Page history last edited by PBworks 18 years, 1 month ago


There are precious few resources or accounts of women in the Japanese socialist movement or popular rights movement on the web. The histories of the movements themselves are quite spanning. We can date the beginning of the formal socialist movement in Japan to the founding of the Japan Socialist party, Nihon Shakaito, to 1901. It continued to be active in various forms and incarnations throughout the tweentieth century up until today. The Popular Rights movement, Jiyu Minken Undo, was active for several decades in the early Meiji period. Hence, these are somewhat out of our scope. However, the status of women within these movements is of critical importance. Our hope is for readers to understand some of the reasons that an independent movement became necessary and why broader social movements proved historically inadequate.

 

Introduction


 

Prior to the Women’s Liberation movement of the 1970s, women’s issues in Japan were voiced in the framework of much broader social movements. These larger movements variously attempted to reconfigure the place of women in society, but it is clear that the problems that faced women were subordinate to each movement’s fundamental concerns. However, some women in these movements were able to contribute to an overall radical critique of society by consistently drawing attention to questions of gender both outside and inside the movements themselves.

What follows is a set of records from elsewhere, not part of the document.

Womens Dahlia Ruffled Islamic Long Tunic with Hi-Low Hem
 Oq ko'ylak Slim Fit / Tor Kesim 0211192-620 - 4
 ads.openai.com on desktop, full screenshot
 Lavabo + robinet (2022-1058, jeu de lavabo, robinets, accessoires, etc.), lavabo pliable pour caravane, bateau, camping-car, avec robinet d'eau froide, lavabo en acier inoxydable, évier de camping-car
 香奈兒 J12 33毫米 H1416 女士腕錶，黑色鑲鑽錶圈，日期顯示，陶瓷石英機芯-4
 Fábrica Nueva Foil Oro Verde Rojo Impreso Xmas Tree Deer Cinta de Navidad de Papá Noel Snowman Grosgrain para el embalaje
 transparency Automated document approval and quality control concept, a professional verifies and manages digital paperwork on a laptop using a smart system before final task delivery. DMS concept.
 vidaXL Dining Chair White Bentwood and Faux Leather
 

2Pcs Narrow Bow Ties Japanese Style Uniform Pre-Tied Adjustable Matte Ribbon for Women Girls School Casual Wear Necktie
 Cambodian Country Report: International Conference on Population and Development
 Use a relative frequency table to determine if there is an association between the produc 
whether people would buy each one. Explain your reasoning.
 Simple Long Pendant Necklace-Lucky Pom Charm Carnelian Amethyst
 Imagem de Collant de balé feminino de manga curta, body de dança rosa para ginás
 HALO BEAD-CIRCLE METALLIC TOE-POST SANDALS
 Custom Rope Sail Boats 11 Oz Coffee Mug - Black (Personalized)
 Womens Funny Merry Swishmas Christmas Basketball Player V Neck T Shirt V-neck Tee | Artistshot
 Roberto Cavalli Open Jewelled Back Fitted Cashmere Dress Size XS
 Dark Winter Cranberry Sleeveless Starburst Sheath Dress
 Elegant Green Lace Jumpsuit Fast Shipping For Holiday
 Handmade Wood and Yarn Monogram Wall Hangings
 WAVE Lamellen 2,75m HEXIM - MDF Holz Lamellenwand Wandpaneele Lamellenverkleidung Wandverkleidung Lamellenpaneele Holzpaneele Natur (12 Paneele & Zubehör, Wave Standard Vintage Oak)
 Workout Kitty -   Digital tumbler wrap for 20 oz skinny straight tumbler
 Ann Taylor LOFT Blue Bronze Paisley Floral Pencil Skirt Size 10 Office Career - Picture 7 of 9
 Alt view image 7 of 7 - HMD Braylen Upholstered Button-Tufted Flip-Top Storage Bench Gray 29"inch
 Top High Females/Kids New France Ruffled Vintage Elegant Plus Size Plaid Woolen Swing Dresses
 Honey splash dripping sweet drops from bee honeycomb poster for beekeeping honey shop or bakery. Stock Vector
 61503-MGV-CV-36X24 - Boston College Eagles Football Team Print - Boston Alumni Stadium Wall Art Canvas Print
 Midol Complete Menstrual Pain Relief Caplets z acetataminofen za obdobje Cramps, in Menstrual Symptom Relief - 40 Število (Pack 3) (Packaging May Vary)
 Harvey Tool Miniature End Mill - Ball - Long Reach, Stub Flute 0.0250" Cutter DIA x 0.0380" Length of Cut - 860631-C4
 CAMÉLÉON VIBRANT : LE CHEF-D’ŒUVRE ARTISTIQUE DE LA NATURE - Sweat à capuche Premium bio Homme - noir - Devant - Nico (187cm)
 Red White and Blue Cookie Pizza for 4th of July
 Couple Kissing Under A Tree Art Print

In particular, the Japanese socialist movement provided a theoretical basis from which many of the earlier feminist critiques of society took shape. While these were certainly not the only feminist voices to be heard on the matter of modern Japanese society, they are among the most clearly articulated.

 

Marxist-Leninist theories of history and the structure of modern society provided some tools for thinkers trying to diagram the problems of women in Japan. Indeed, although later feminists broke away from the socialist movement itself, many continued to use Marxist theory as the basis of their radical critique. Women were able to consider inequality between both gender and class lines as integral to the workings of the modern capitalist state. The notion of patriarchy itself evolved; incorporating the family system and the overall capitalist superstructure, society could be seen as a complex array of mirrors. Power structures seen at the state and social levels were reflected at the individual and family levels. In this way, the answer to thousands of years of sexism became revolution and the overthrowing of the state. In this way, women (and society itself) would be freed from the prison of sex.

 

Participation in these movements was by no-means necessarily liberating. The subordination of women's issues within the movements also held deeper and personal consequences for the women who gave themselves to their cause. For one, women rarely had any role outside of support. They cooked, cleaned, delivered messages, and otherwise served the movement while their leaders handled tasks better suited to the "responsible minds of men." For example, in the socialist movement, women known as "sympathizers" entered marriage-like arrangements with male party members. These "marriages" provided a facade of normality to prevent party members from drawning unwanted attention to their more clandestine activities. Women in these relationships amounted to little more than housekeepers, couriers, and objects of sexual desire. Thus, even amongst radicals, traditional gender relations were maintained. Naturally, cases of sexual abuse and rape were commonly mentioned.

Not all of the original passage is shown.